DATA BLOCK>
★ ★ ★ ★ ★ ★ ★
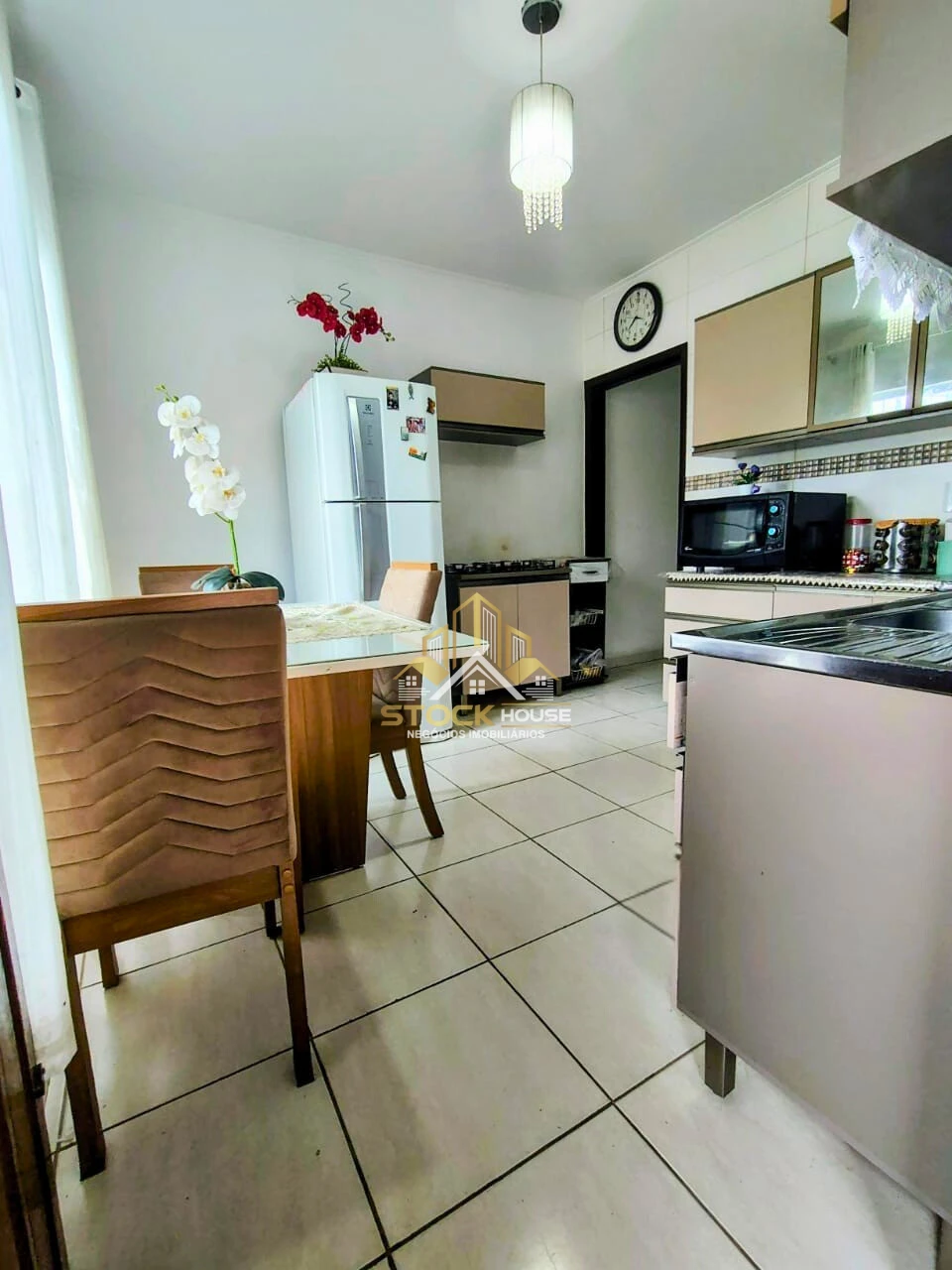 CASA GEMINADA PLANTA BAIXA, 2 QUARTOS, A VENDA EM JOINVILLE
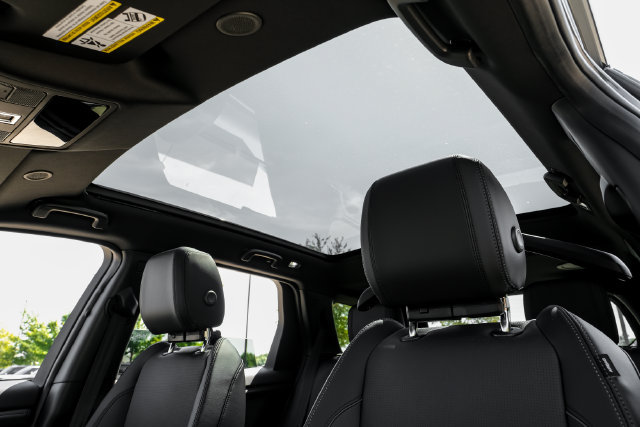 New 2026 Land Rover Discovery Sport Landmark AWD/4WD image 27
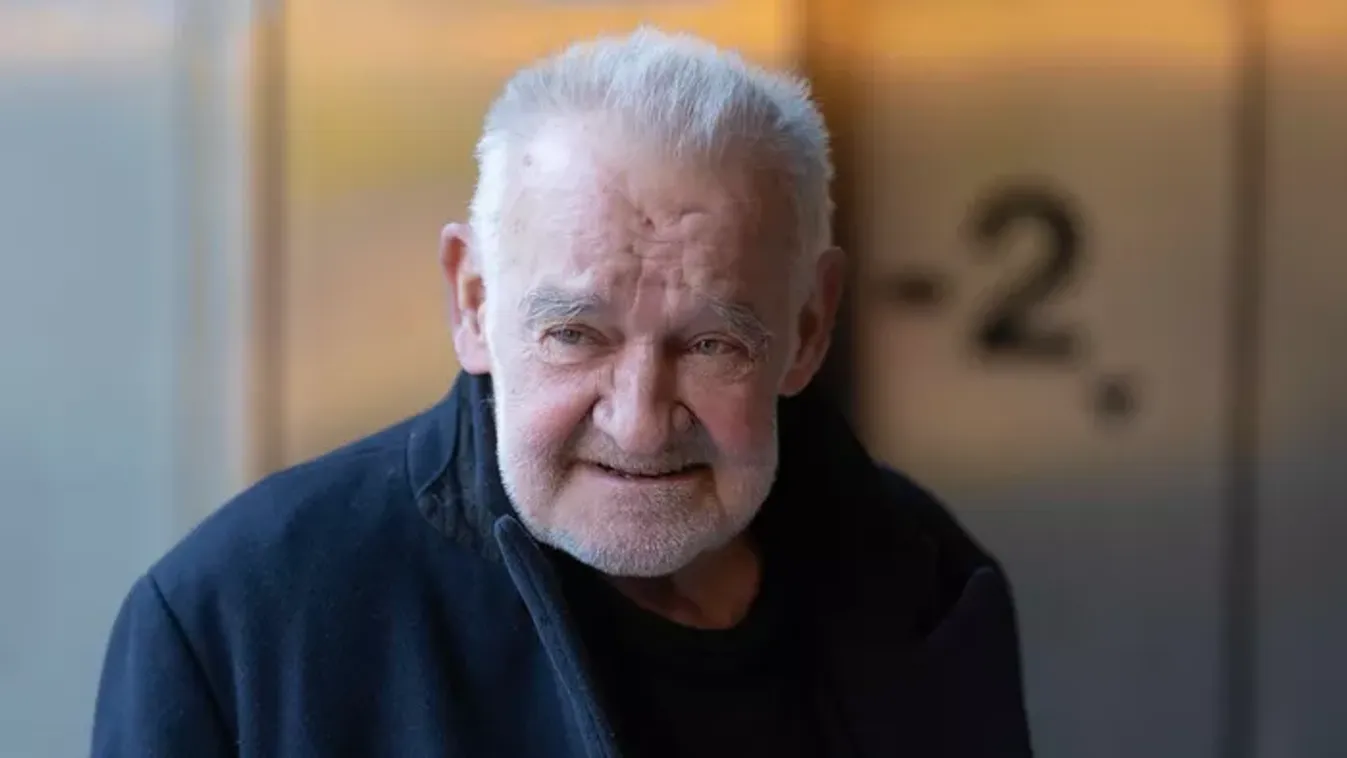 Rendkívüli műsorváltozást jelentettek be: Tarr Béla emléke előtt tiszteleg a közmédia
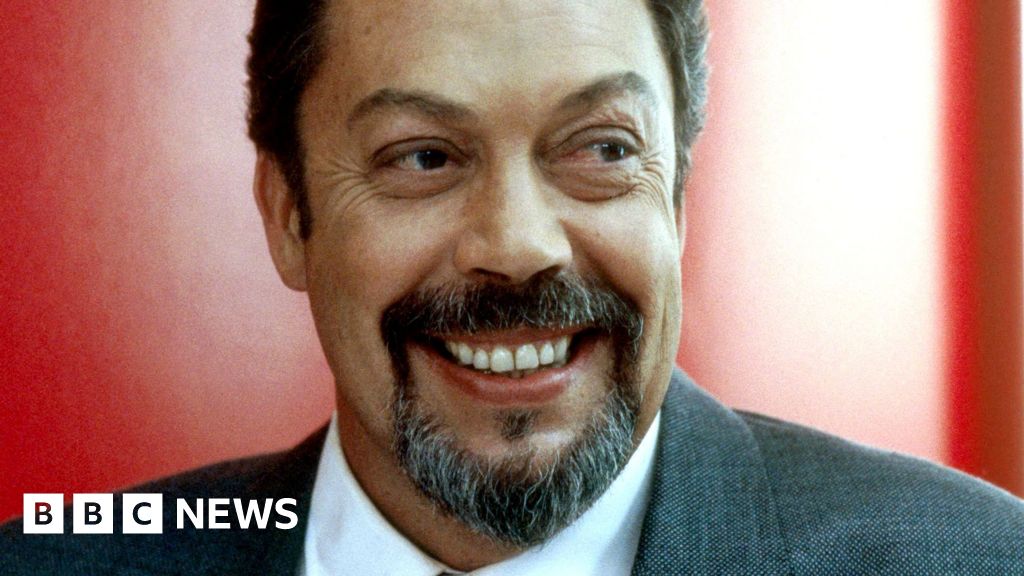 Rocky Horror star Tim Curry dies at 80Curry was best known for playing the outlandish Frank-N-Furter in cult film The Rocky Horror Picture Show.3 hrs agoUS & Canada Rocky Horror star Tim Curry dies at 80Curry was best known for playing the outlandish Frank-N-Furter in cult film The Rocky Horror Picture Show.3 hrs agoUS & Canada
★ ★ ★ ★ ★ ★ ★
ACTION ITEM>
Only the lines from the one holding "Rendkívüli műsorváltozást jelentettek" through the end of the data are to be printed, exactly as they stand and with no pictures.

REPLY>
 Rendkívüli műsorváltozást jelentettek be: Tarr Béla emléke előtt tiszteleg a közmédia
 Rocky Horror star Tim Curry dies at 80Curry was best known for playing the outlandish Frank-N-Furter in cult film The Rocky Horror Picture Show.3 hrs agoUS & Canada Rocky Horror star Tim Curry dies at 80Curry was best known for playing the outlandish Frank-N-Furter in cult film The Rocky Horror Picture Show.3 hrs agoUS & Canada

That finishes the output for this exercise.